Non solo locali: il vostro universo comprende anche alcolici. Come sta andando, invece, quel mercato?
Al momento abbiamo un botanical spirit, Mediterraneo, uno spiced rum, un amaro, un nuovo bitter, Bitter Fusetti, e un cognac (anche questo molto recente). Da qualche anno ormai produciamo la nostra linea Farmily e oggi abbiamo anche una distilleria ad Abbiategrasso, quindi molto vicino a Milano. Gli spirits sono apprezzati, l’amaro soprattutto durante il lockdown è andato a ruba, il cognac è stato acquistato in Francia e fatto invecchiare in botti di legno di Bercé, una foresta sotto Parigi, ma si vendono solo agli appassionati e, poi, c’è il Bitter Fusetti. Di cui abbiamo venduto 3200 bottiglie in due settimane e molti bar milanesi l’hanno scelto come bitter di linea. È stato un successo veramente inaspettato, siamo contentissimi.

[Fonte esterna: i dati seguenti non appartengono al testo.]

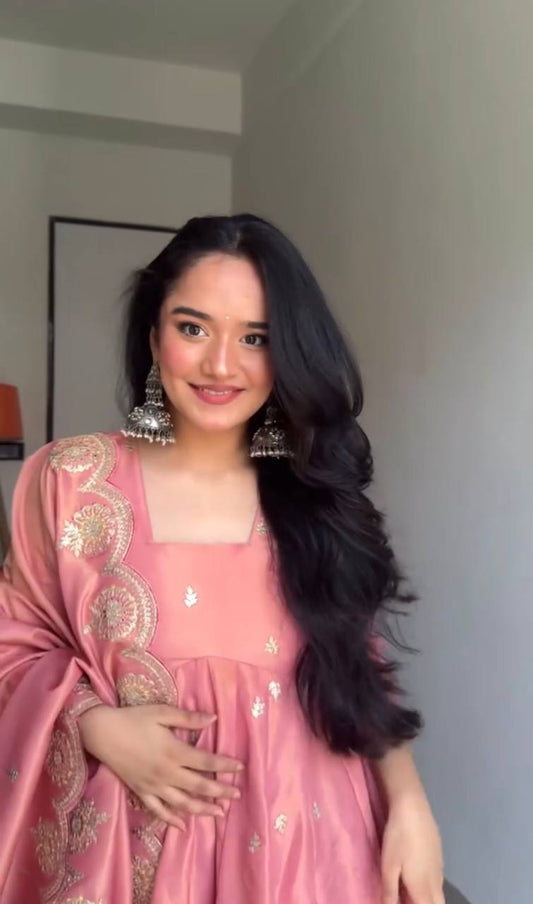 Outstanding Embroidery Work Pink Color Gown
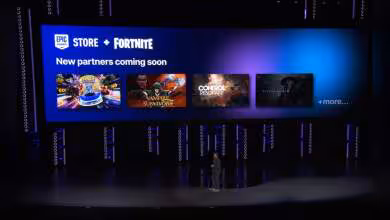 Scène Fortnite Epic Store annonçant de nouveaux partenaires, avec visuels de collaborations de jeux sur écran géant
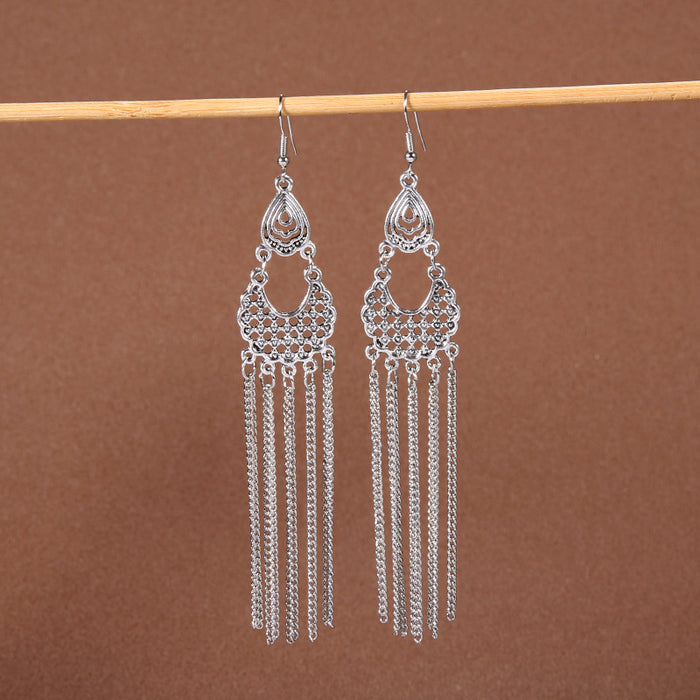 Wholesale Alloy Bohemian Tassel Long Ethnic Style Earrings JDC-ES-Gumi009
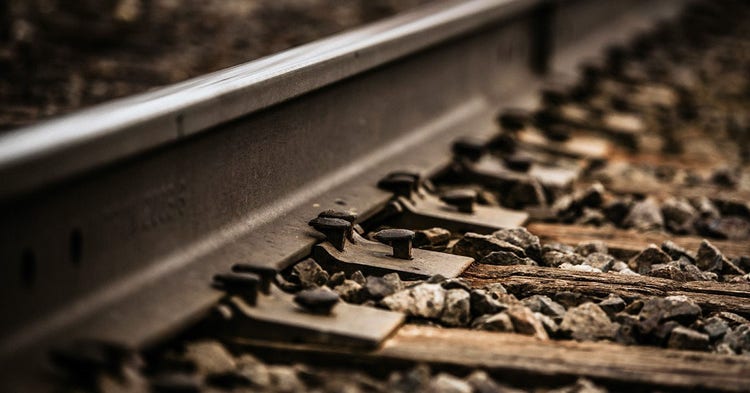 Railroad tracks close up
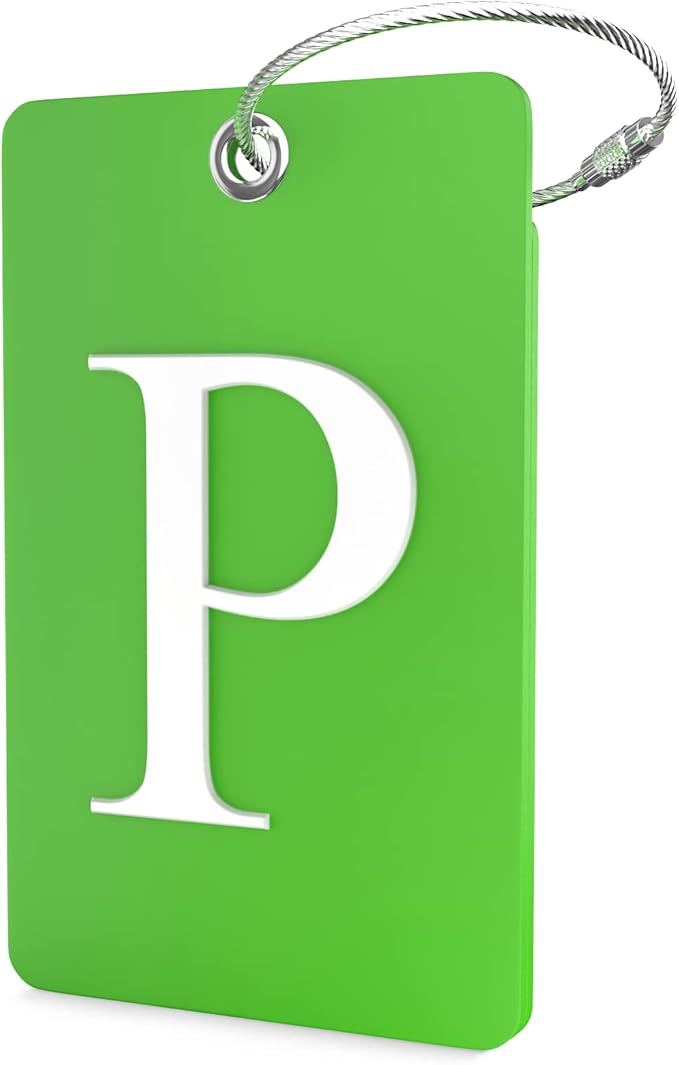 Shacke Luggage Tag Initial – Fully Bendable Tag w/Stainless Steel Loop (Letter P)
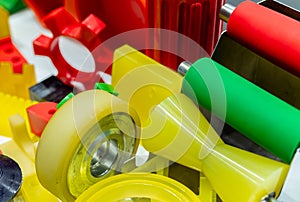 Engineering plastics. Plastic material used in manufacturing industry. Global engineering plastic market concept. Polyurethane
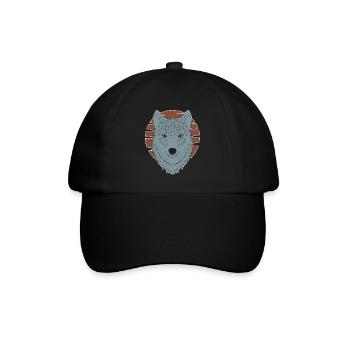 Wolfskopf Tier Motiv Aufdruck mit Wolf - Baseballkappe - Schwarz/Schwarz - Vorne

I World’s 50 Best Bars 2020 hanno inserito il vostro bar 1930 al 25esimo posto. Quel bar, che è stato uno dei primi veri speakeasy italiani, è stato aperto per raggiungere proprio quel risultato?
Sono quattro anni che il 1930 è in quella lista. I primi due anni nella lista dei migliori 100 bar al mondo, dall’anno scorso tra i migliori 50. Ma quando ci arrivò la comunicazione, io ero sicuro che a entrare sarebbe stato il Backdoor 43. E lì ci siamo accorti di che grandissimo lavoro aveva fatto piano piano Benjamin Cavagna, che negli ultimi anni ne sta gestendo il bancone e gli ospiti. Volevamo un bar curato, ben fatto, per pochi. E mantenendo un certo livello siamo entrati in una lista che ci riconosce come uno dei migliori bar. Ma quello che è sempre venuto prima non era il traguardo, bensì il cliente.
Ci piace sempre chiudere con il cocktail preferito. Qual è il suo?
Un Manhattan morbido. Più soft, diciamo. Fatto con una parte di whisky, una parte di vermouth rosso e orange bitter servito in coppetta. Facile e buonissimo.